Penny is an action-junkie. From her first day home she always had to be wherever the action was – irrespective of leashes and training
When there’s no action, Penny happily strolls by my side. But if we see a squirrel or birds or other pups, Penny is desperate to charge forward. She craves action above treats or praise, so traditional positive reinforcement markers aren’t effective.
In our case, I’ve had the most success by modifying my training to fit my pup. Rather than engage Penny with positive-reinforcement cues, I disengage from the situation by putting the pups in a firm “stay.”

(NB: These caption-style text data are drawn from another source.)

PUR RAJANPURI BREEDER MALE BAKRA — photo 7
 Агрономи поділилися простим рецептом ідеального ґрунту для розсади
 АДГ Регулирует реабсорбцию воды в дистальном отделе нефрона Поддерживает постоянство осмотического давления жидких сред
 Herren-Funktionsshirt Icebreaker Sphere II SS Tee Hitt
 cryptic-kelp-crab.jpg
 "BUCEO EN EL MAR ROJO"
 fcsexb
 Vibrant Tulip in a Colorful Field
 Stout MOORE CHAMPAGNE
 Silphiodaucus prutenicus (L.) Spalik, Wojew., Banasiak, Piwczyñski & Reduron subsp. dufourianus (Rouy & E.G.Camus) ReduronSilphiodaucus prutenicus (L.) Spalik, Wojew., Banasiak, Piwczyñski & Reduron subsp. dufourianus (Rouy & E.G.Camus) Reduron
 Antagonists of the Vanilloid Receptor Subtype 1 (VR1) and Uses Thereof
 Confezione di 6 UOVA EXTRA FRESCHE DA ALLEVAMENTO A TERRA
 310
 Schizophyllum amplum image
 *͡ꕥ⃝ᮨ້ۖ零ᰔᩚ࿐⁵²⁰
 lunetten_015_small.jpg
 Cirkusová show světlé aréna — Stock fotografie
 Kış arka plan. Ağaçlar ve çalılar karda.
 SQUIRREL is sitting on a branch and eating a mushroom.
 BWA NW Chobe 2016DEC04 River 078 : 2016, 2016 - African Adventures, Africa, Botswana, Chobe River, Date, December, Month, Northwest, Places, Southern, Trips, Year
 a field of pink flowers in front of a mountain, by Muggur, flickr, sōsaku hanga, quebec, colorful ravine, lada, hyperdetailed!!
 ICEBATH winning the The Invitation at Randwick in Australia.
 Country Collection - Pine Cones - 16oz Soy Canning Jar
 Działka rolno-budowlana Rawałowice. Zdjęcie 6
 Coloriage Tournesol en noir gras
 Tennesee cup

A sitting pup is a well behaved pup. If there’s no walking, there’s no pulling
And you can see how desperately Penny wants to pull into the fray of the dogs she’s spotted across the street
I let Penny coil up her excitement in a play-bow, as long as she stays in place
Finally, as the dogs pass, Penny regains her (limited) sanity and we walk on to the beach
Where my little wild child can romp off-leash to her heart’s content
For me, my experience with loose-leash training Penny is another reminder we should always modify training and care to our individual dogs – not the other way around. What works in a textbook isn’t always what works in the real world.
Knowledge of positive-reinforcement techniques is invaluable, as is the lesson to know when you need to modify those techniques.
For Penny it’s loose-leash walking, but each pup has their own challenges. Have you ever had to modify traditional training/techniques to better suit your dog?